On appeal, the appellate court (which included as a panelist Supreme Court nominee Judge Kavanaugh) agreed with the district court. First, the court agreed that the advertising space on WMATA transit vehicles constitutes a non-public forum, where the government can exercise greater control over content yet must adhere to requirements of viewpoint neutrality and reasonableness. In so ruling, the D.C. Circuit joins a majority of federal appeals courts that have now ruled that transit advertising spaces are non-public fora.
Second, the appeals court was unimpressed with the Archdiocese’s arguments that the prohibition on religious content in WMATA transit advertisements is actually a form of viewpoint discrimination. As it did in the court below, the Archdiocese asserted that the prohibition of religious speech in transit advertising favored non-religious viewpoints. But the court of appeals observed that the restriction on religious advertisements prohibited any advertisement on the topic of religion, regardless of its viewpoint. In arriving at that conclusion, the court distinguished Supreme Court cases—including Rosenberger, Lamb’s Chapel, and Good News Club—that had found the exclusion of religious messages to be viewpoint discrimination. In essence, the D.C. Circuit found that WMATA’s prohibition on religious content was broader, and went only to the subject matter of the messages, than the viewpoint-discriminatory regulations at issue in those cases.
Third, the appeals court agreed that the regulation in question was reasonable in light of the purposes of WMATA’s transit advertising forum. The court observed that the transit advertising policy had been adopted after substantial study, and further found that WMATA had been consistent in its application of the advertising policy and had not shown any animus toward religion.

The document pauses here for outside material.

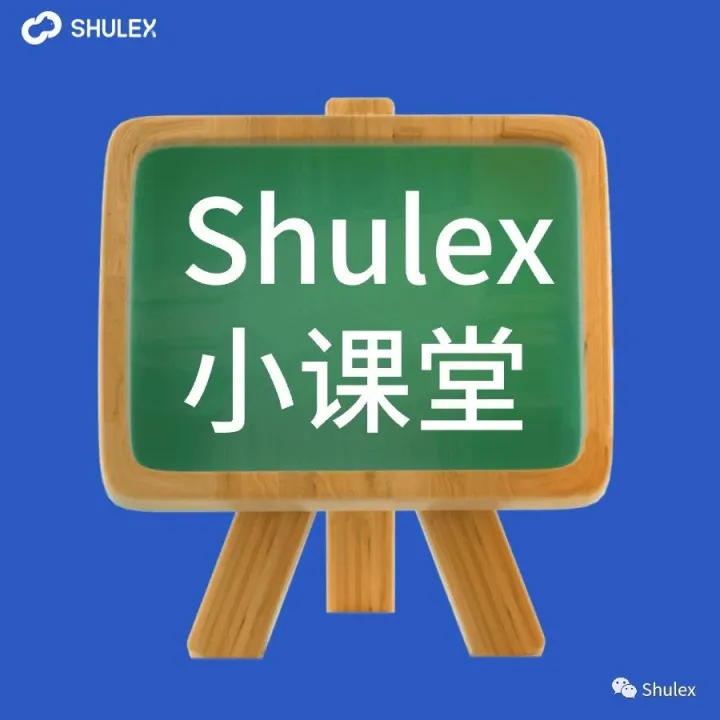 Shulex五步洞察法｜充电宝的市场&用户洞察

The D.C. Circuit also rejected the Archdiocese’s arguments that the transit advertising policy violated the Free Exercise Clause of the First Amendment and the Religious Freedom Restoration Act. The court could not conclude that the policy had been adopted out of hostility toward religion, or that the policy was directed at religious speakers, and the court further questioned whether RFRA applied to WMATA, as the transit agency is an arm of the Maryland and Virginia state governments (in addition to the District of Columbia), and RFRA does not apply to states.